Figure 3. Structure de l'amplicon produit à partir de tests de codes à barres regroupées pour l'hybridation microarray ou séquençage Barcode. L'amplicon produite pour chaque mutant in la collection contient une homologie avec le génome de l'intégration (régions bleu marqué ATG et TAA), code-barres unique (étiqueté AG et indiqué par un trait noir). Pour l'hybridation biopuces, les amorces bleue communs sont utilisés pour amplifier une sonde d'hybridation 60bp biopuces. Pour le séquençage de codes à barres, les amorces étendues sont utilisées dans la réaction PCR, composé de séquences codant pour l'adaptateur Illumina (barre rouge), et l'indice de 6bases cross-trappes) et l'amorce bleue commune pour l'amorce en amont, et la même amorce composite (moins l'indice de base 6) pour la seconde amorce.
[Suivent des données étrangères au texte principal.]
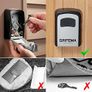 Key Safe Wall Mounted, Large Capacity Key Lock Box Outdoor,Waterproof Key Safe Box with 4 Digit Combination, Key Lock Cabinet for Spare House Keys, With Slide Cover, Gray, Medium Size Image 5
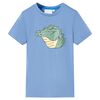 Tricou pentru copii, albastru mediu, 140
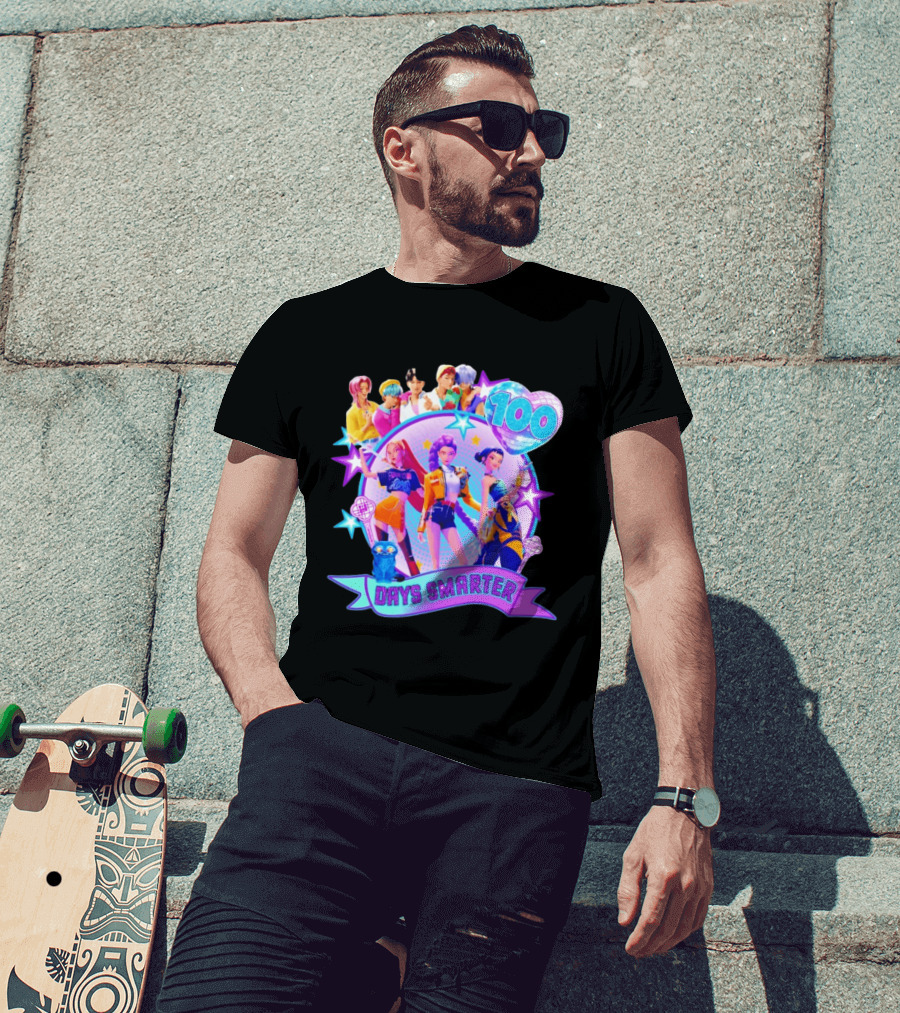 100 Days Smarter K Pop Stars Celebration T-Shirt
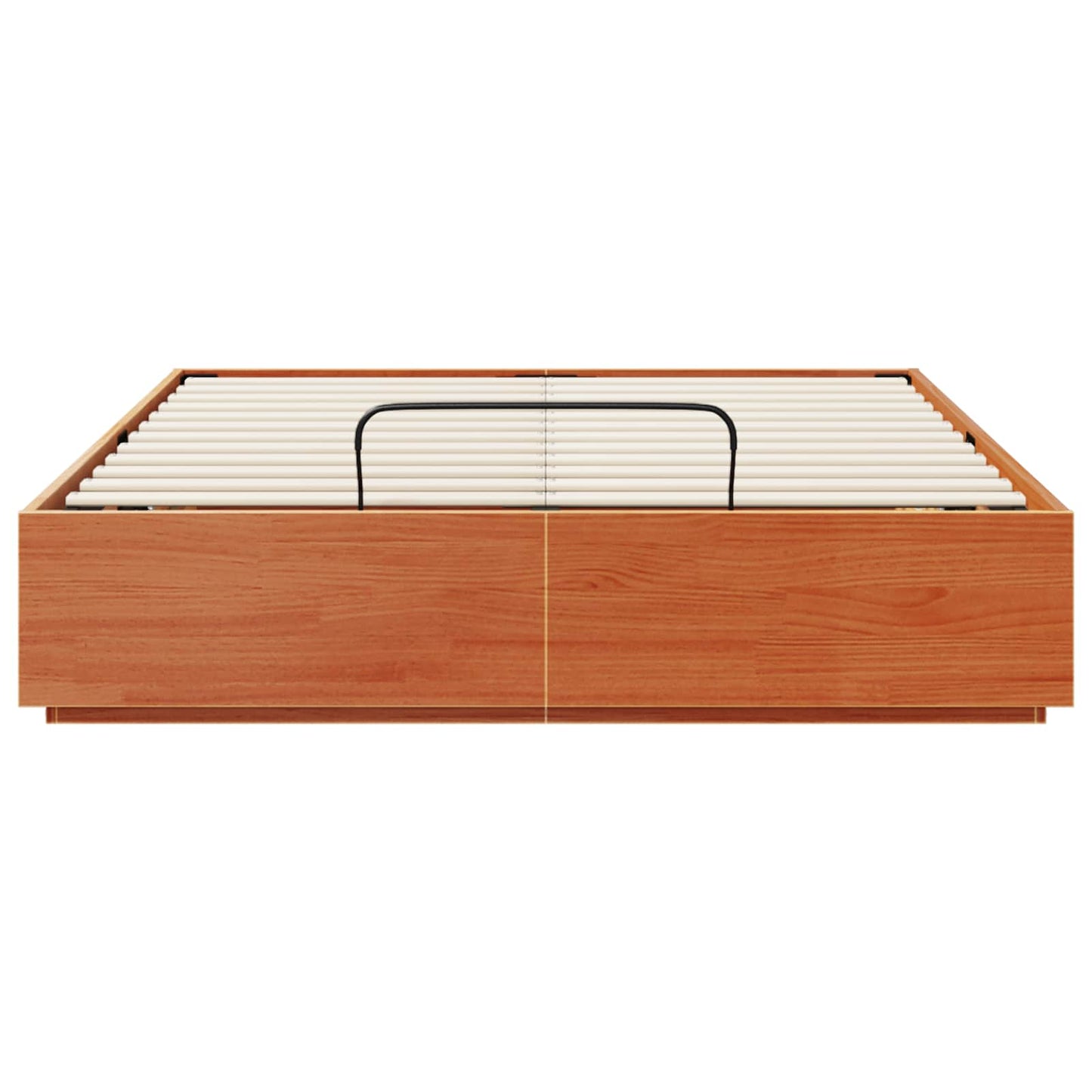 Ottoman Bed Frame Wax Brown 150 x 200 cm Solid Pine Wood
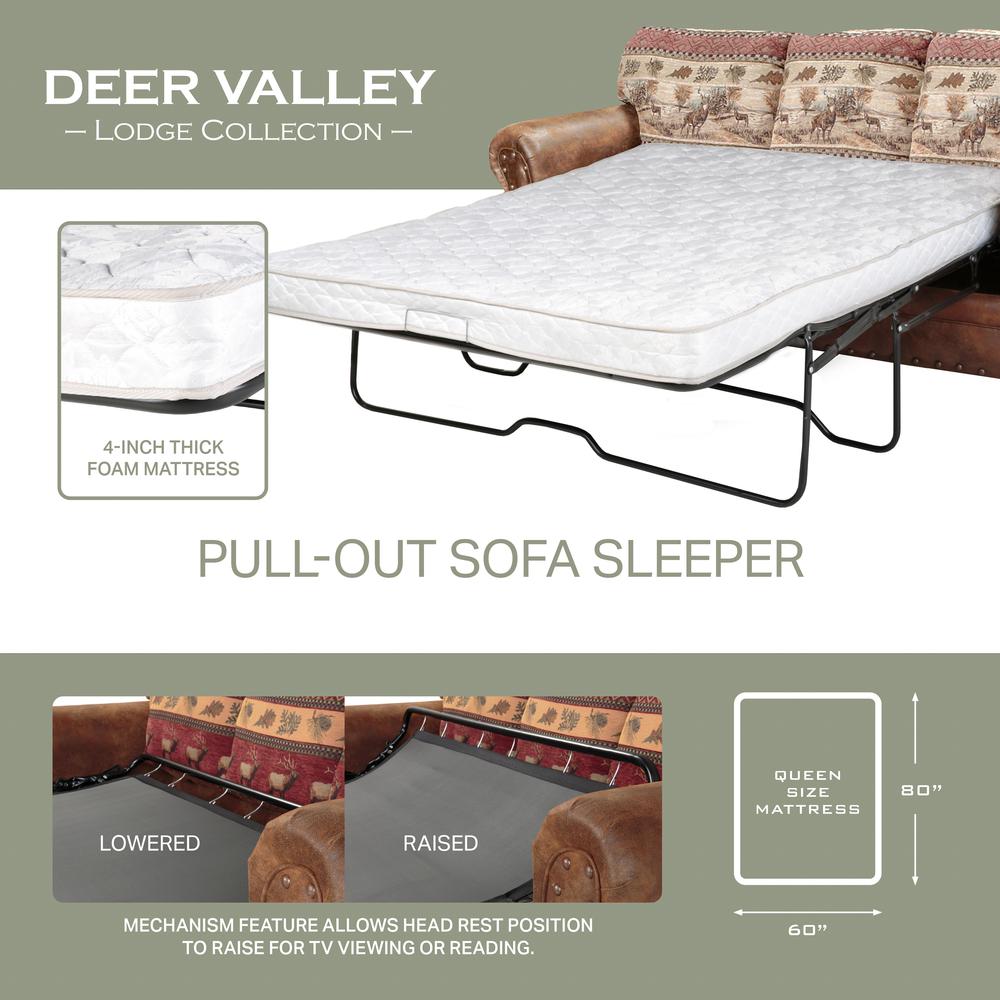 Deer Valley - 4 Pc Set with Sleeper. Picture 3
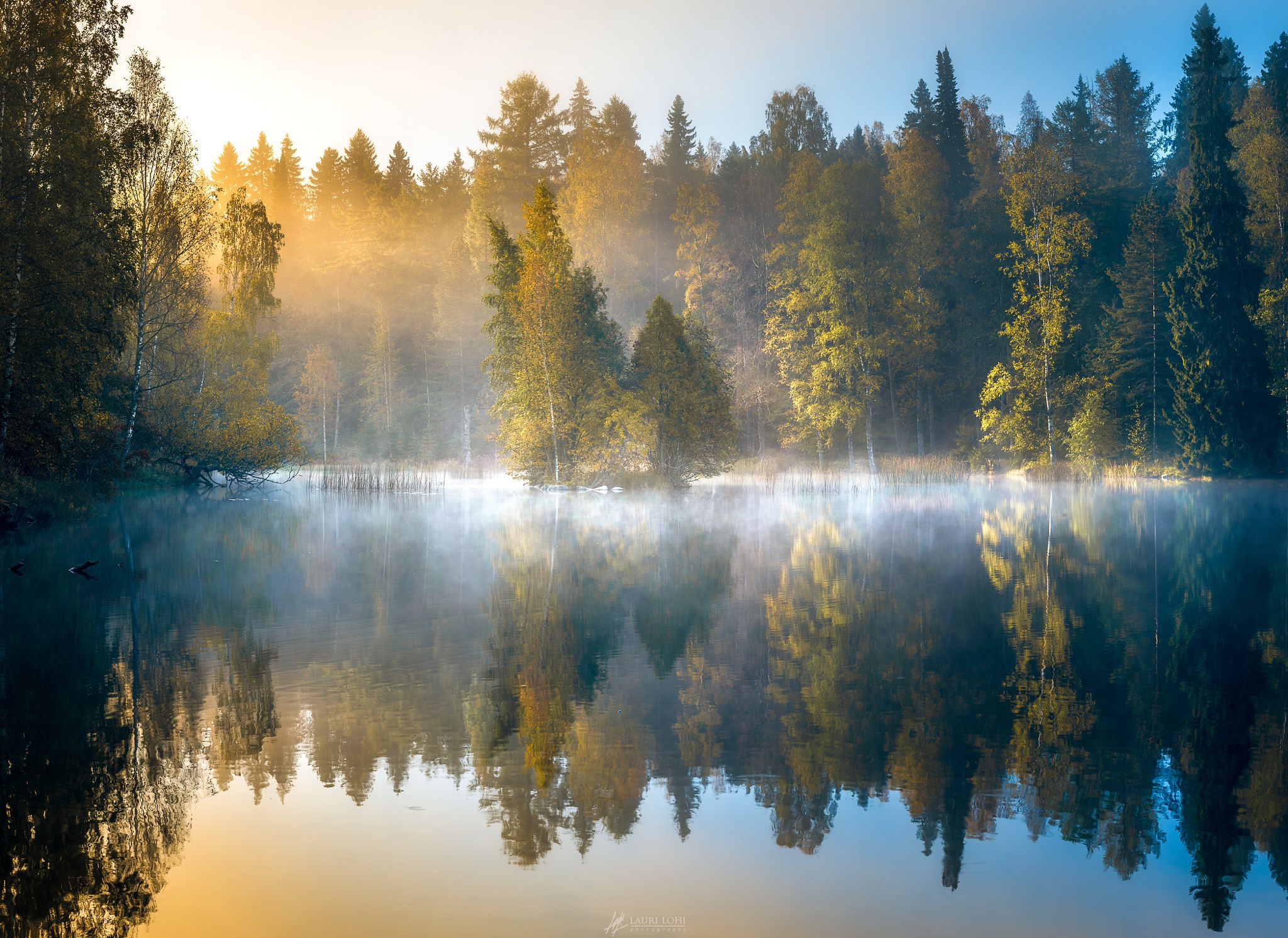 finland wallpaper,reflection,nature,natural landscape,atmospheric phenomenon,sky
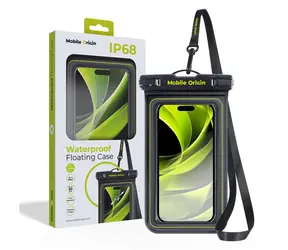 Mobile Origin Waterproof Floating Case 6.8" schwarz/grün / wasserdichtes Universalgehäuse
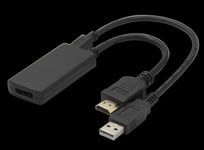Deltaco USB-C-HDMI-sovitin, 4K/60Hz, 0,2 m - musta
Figure 4. Croissance des dosages individuels pour 1) Prescreening composés contre la levure de type sauvage afin de déterminer une dose appropriée pour l'ensemble du génome de dépistage et 2) Confirmant les résultats de criblage du génome entier. (A) Une plaque de 96 puits à fond plat est rempli avec 100 pl de suspension cellulaire à une DO de 0,062. Chaque puits peut contenir la même souche (pour la dose de détermination) ou différentes combinaisons de souche et de médicaments (pour les dosages de confirmation). 2 pi de composé (généralement dissous dans du DMSO) est ajouté et les cellules sont cultivées avec agitation constante pour 16-20 h à 30 ° C. La concentration finale de DMSO ne devrait pas dépasser 2%. Dans cet exemple, dans chaque puits de la plaque de la courbe de croissance est tracée en noir sur un tracé de la courbe de croissance de contrôle dans le rouge. (B) l'image plus haute résolution de plusieurs prescreens obtenus avec un médicament par exemple superposées les unes sur les autres. Dans cette série de titrage, un IC _10-15 est obtenu avec la dose pourpre et serait approprié pour le profilage de la suppression (HIP HOP et). En raison de la non-linéarité des densités plus élevées optique, Tecan (ou tout autre lecteur de plaque similaire) ODS doivent être étalonnés à l'aide à ceux obtenus avec un «traditionnels» 1mm chemin de longueur cuvette.

Discussion

Ici, nous avons présenté un protocole qui, avec une modification modeste, peut facilement être adapté à un large éventail de collections existantes des codes-barres collections de mutants de microorganismes différents pour créer des collections de mutants étiquetés. Nous soulignons que, bien que nous avons rapporté un protocole sur la mutagenèse transposon marqués pour la levure pathogène C. albicans, un protocole très similaire pourrait être adapté à une grande variété de champignons unicellulaires. Mise à jour, ce protocole fonctionne bien chez les bactéries ^13, et actuellement les collections d'un certain nombre d'autres génomes fongiques et bactériennes sont en construction. A l'heure actuelle, ce test fournit la seule complète, l'ensemble du génome d'écran impartiale pour les interactions gène-petite molécule. Une caractéristique particulièrement convaincante de l'essai est qu'aucune connaissance préalable du gène ou de petites molécules est nécessaire. En dépit de la portée et la puissance de ces tests, leur transférabilité à d'autres laboratoires a été entravée par le peu d'investissement initial et outils informatiques pour l'analyse des résultats. Avec l'adoption d'une lecture séquence prochaine génération combinée avec des outils robustes pour l'analyse, nous nous attendons à leur adoption à augmenter.